I continued to try to take classes at CYS when I could find the time. I also tried other classes, including power yoga at Bally Total Fitness (the gym I was a member from about 1990 to 200something). I hated the power yoga at the gym because it was more like an exercise class with yoga poses thrown in once in a while for strength training. It wasn't yoga. I tried a pilates mat class there too, and I felt too uncoordinated to do my body any good.
I started running, and yoga fell by the wayside. I would occasionally practice a little to relieve aching, but I didn't make it a regular thing. I got pregnant with my second child and kept doing as much cardio as I could, determined not to gain as much weight as I did with my first. I dropped into the occasional prenatal yoga class at CYS, hoping to regain my bliss, but it was hard to find the time to do it, what with writing and parenting my two-and-a-half-year-old.
Then we moved to Dayton, and I found Jen and the right balance between running and yoga.
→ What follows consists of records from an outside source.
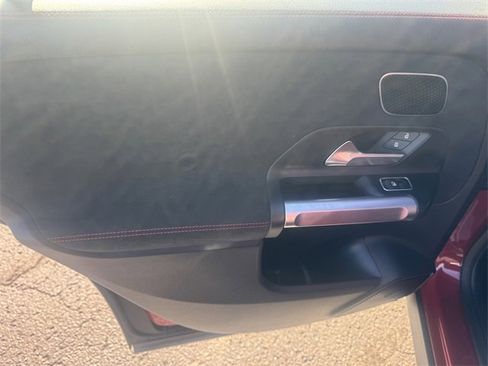 Used 2021 Mercedes-Benz GLB 35 AMG 4MATIC image 16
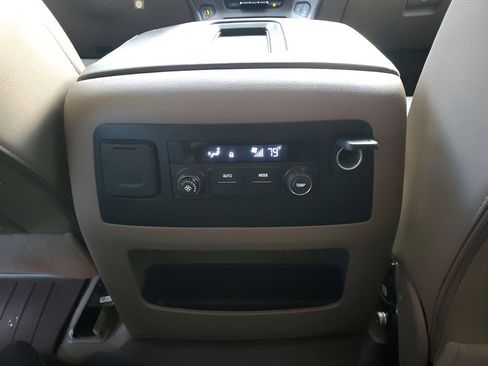 Used 2020 Chevrolet Suburban LT w/ Max Trailering Package image 21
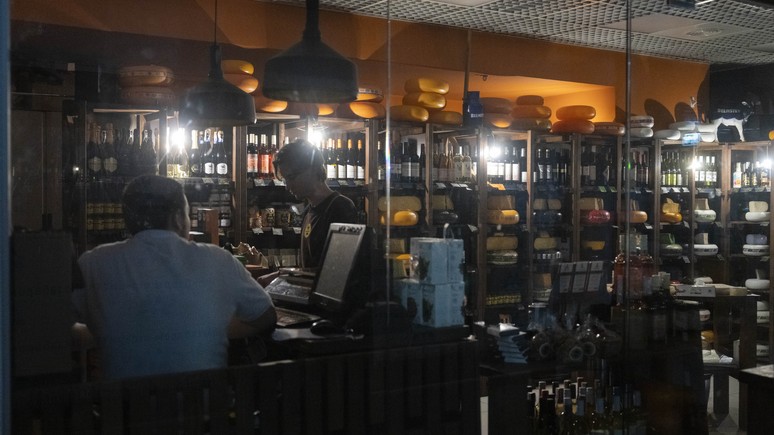 CNN: чтобы пережить зиму, на Украине начали отключать свет уже летом
 ru.rt.com/I1af4g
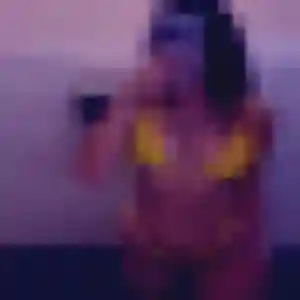 Rania, fille de 27 ans cherche rencontre coquine à Charbonnières-les-Bains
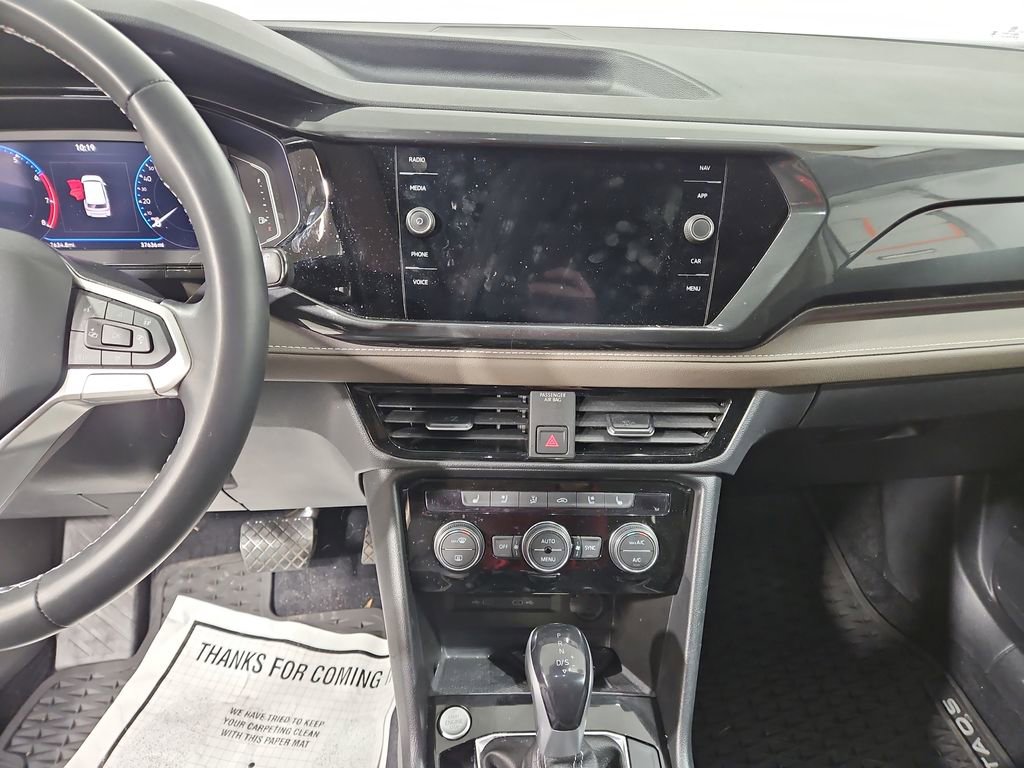 Certified 2022 Volkswagen Taos SEL image 19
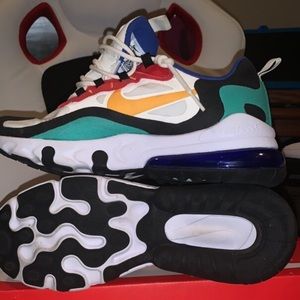 NIKE AIR MAX 270 React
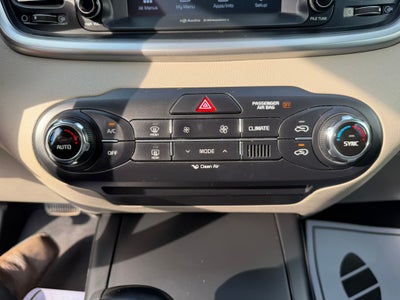 2018 Kia Sorento 2.4L LX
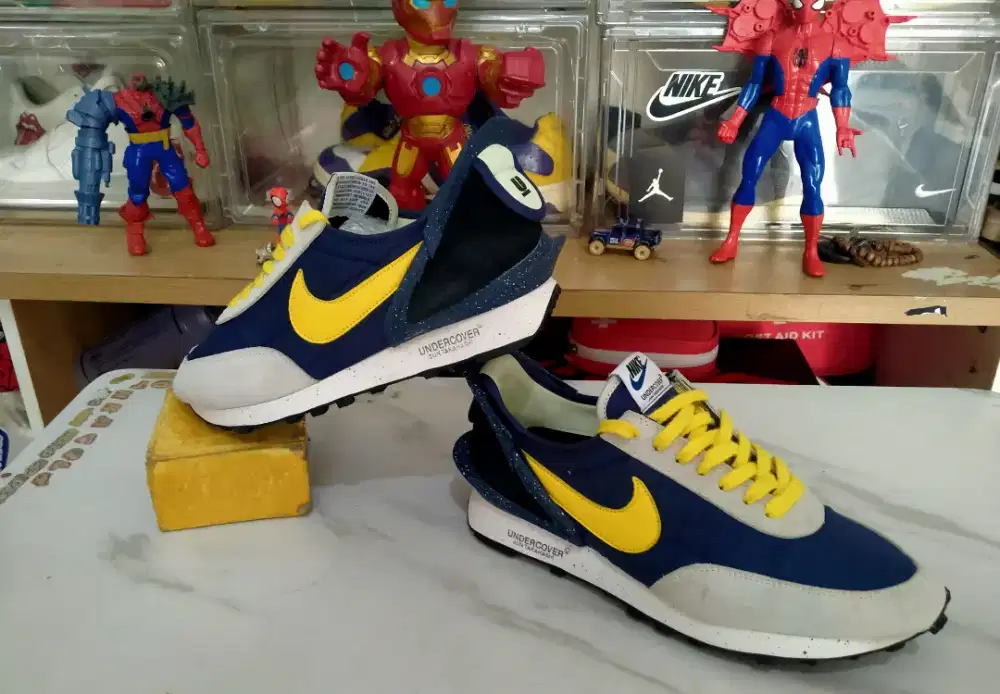 Sepatu Nike Undercover kerenn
And writing. I was writing a ton. All was well in my world (as well as could be expected with two children under the age of three).
Then we moved to Fairfax.
I tried to find a yoga studio that would give me an experience like Jen's class. Fortunately, there was one a few minutes down the road from my house: Sun and Moon Yoga Studio. They also had a work-exchange program, which fit right into my lifestyle at the time. I worked a shift on Sunday night, from 5:45 to 8 or so, and in exchange, I earned two hours of class time. I dropped into different classes, trying to find one that fit. Sun and Moon is a Hatha studio--it is more like Iyengar than anything else I've seen, so I thought it might be a good fit and bring me back to my roots. The first class I tried was just boring--I almost fell asleep. I clearly needed something more challenging. I ramped up to a higher-level class and found the arm balances and held inversion poses to be too much. I wanted to be challenged but not feel like I was completely out of my depth.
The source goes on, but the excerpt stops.